Shapiro was fond of magic, teaching tricks to his children and grandchildren and continuing that interest, joining a group studying magic in Tucson in his later years, Eve Shapiro said.

"Izzy loved music, magic, cribbage, his computer, The New Yorker, chopped liver on challah, ice cream, his family and most of all his beautiful and brilliant wife of over 70 years, Goldie," a granddaughter, Rachel Shapiro of Chicago, said in remarks prepared for an obituary.

Goldie Shapiro, a psychotherapist, died in October, two months before her husband, said David Shapiro. Goldie Shapiro was 93.

His mother and father had "an immediate attraction … love at first sight" when they were set up on a double date by a friend at the Egyptian wing of the Metropolitan Museum of Art in New York City in 1949, David Shapiro said.

Isidore Shapiro was born in Philadelphia but his family moved to Brighton Beach in Brooklyn, where he attended high school, his son said. His father, Samuel, was a tailor, and his mother Miriam, or Mini, was a housewife.

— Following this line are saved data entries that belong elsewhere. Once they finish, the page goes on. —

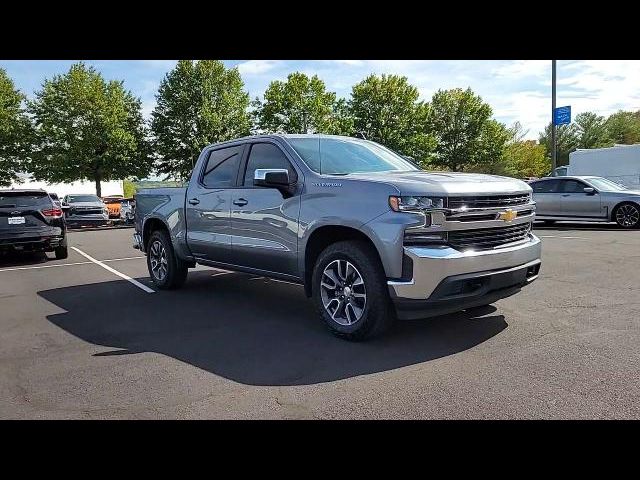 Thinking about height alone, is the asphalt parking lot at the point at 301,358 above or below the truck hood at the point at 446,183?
below

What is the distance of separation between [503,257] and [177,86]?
4162cm

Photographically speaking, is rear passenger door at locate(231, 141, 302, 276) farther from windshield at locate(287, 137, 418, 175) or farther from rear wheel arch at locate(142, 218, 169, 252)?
rear wheel arch at locate(142, 218, 169, 252)

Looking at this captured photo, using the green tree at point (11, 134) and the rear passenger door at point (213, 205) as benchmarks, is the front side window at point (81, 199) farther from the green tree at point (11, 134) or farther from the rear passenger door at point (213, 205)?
the rear passenger door at point (213, 205)

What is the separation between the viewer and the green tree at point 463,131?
165ft

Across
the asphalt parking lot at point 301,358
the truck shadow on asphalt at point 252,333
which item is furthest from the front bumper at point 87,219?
the truck shadow on asphalt at point 252,333

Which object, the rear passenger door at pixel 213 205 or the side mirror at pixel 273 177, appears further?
the rear passenger door at pixel 213 205

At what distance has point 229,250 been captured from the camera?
21.0ft

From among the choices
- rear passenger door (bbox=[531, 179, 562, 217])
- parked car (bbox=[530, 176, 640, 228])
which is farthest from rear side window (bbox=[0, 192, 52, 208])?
parked car (bbox=[530, 176, 640, 228])

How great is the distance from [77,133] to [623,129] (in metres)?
65.6

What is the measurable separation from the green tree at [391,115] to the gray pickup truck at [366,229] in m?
40.5
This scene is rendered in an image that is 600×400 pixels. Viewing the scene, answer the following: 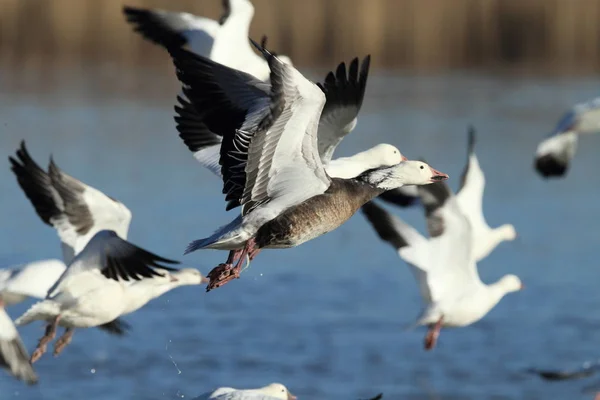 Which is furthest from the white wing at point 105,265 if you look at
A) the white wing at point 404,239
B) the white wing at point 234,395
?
the white wing at point 404,239

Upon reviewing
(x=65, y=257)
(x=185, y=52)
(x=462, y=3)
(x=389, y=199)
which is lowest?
(x=65, y=257)

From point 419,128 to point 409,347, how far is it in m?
7.79

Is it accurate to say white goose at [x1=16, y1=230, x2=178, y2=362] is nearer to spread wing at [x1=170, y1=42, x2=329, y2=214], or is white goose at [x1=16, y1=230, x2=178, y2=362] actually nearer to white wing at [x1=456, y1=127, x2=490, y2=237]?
spread wing at [x1=170, y1=42, x2=329, y2=214]

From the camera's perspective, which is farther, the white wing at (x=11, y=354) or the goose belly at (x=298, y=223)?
the white wing at (x=11, y=354)

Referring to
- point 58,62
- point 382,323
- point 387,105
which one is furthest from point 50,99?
point 382,323

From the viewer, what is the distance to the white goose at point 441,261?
26.0 feet

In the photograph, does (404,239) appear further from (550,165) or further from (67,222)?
(550,165)

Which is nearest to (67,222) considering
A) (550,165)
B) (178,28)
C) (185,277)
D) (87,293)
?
(87,293)

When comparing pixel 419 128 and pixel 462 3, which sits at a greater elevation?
pixel 462 3

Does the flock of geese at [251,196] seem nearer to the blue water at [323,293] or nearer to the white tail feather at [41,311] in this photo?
the white tail feather at [41,311]

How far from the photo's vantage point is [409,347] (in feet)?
30.3

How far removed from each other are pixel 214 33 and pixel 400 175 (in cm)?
353

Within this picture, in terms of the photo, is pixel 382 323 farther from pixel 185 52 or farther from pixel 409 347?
pixel 185 52

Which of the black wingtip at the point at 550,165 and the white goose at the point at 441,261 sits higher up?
the black wingtip at the point at 550,165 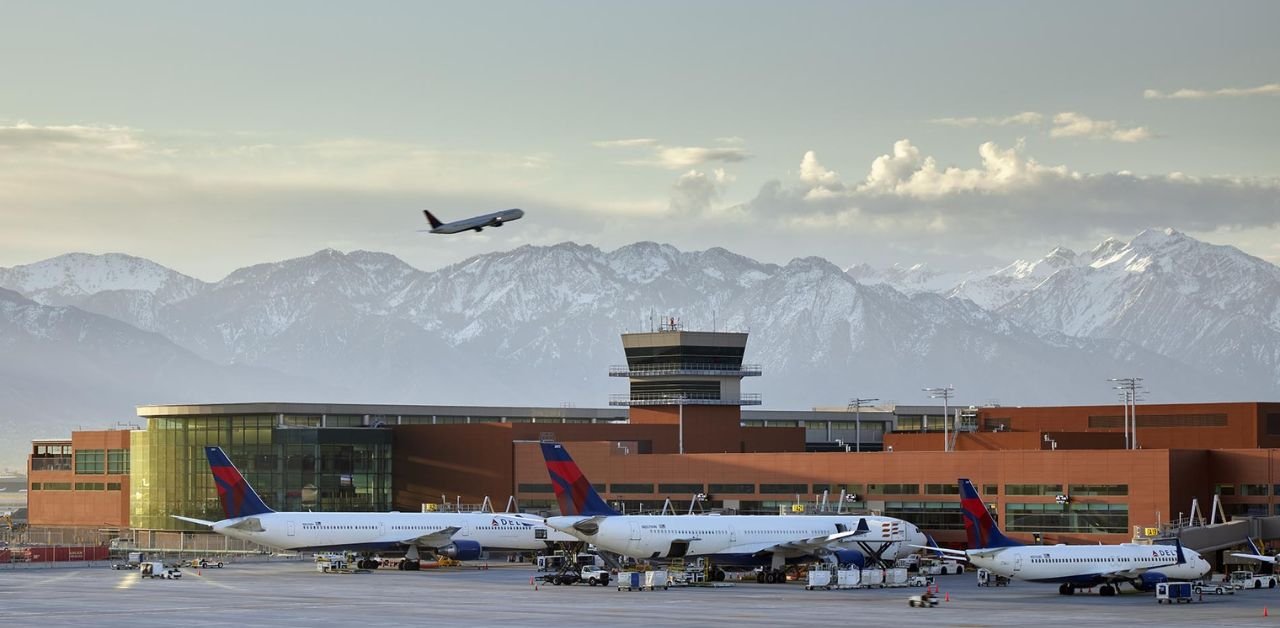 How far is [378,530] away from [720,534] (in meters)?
24.1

Shapiro served in the Army from 1942 to 1946, partly building hospital units on the island of Tinian in preparation for massive casualties expected from the invasion of Japan.

In the Army, Shapiro also served as a psychological assistant in a unit that cared for soldiers who had psychiatric illnesses, according to his resume.

After the war, Shapiro first worked for a Jewish cultural group and then went to New York University, where he got an undergraduate degree, and then to the University of Pennsylvania, where he received a master's degree in social work.

That degree led to a career in social work, specializing in psychological issues, first as a case worker and then as an administrator — with one year from 1955 to 1956 when he worked as a probation officer for New York City court system.

Before Shapiro became Nassau County mental health commissioner, he served as head of the Queens County Mental Health Society and director of the Peninsula Child Guidance Center in Hewlett and Cedarhurst, his family said.

In addition to his children and Rachel Shapiro, he is survived by two other granddaughters, Miriam and Ruthie; a grandson, Ben; and a great-granddaughter Dahlia Goldie.

Shapiro’s family plans a service on Zoom in the near future.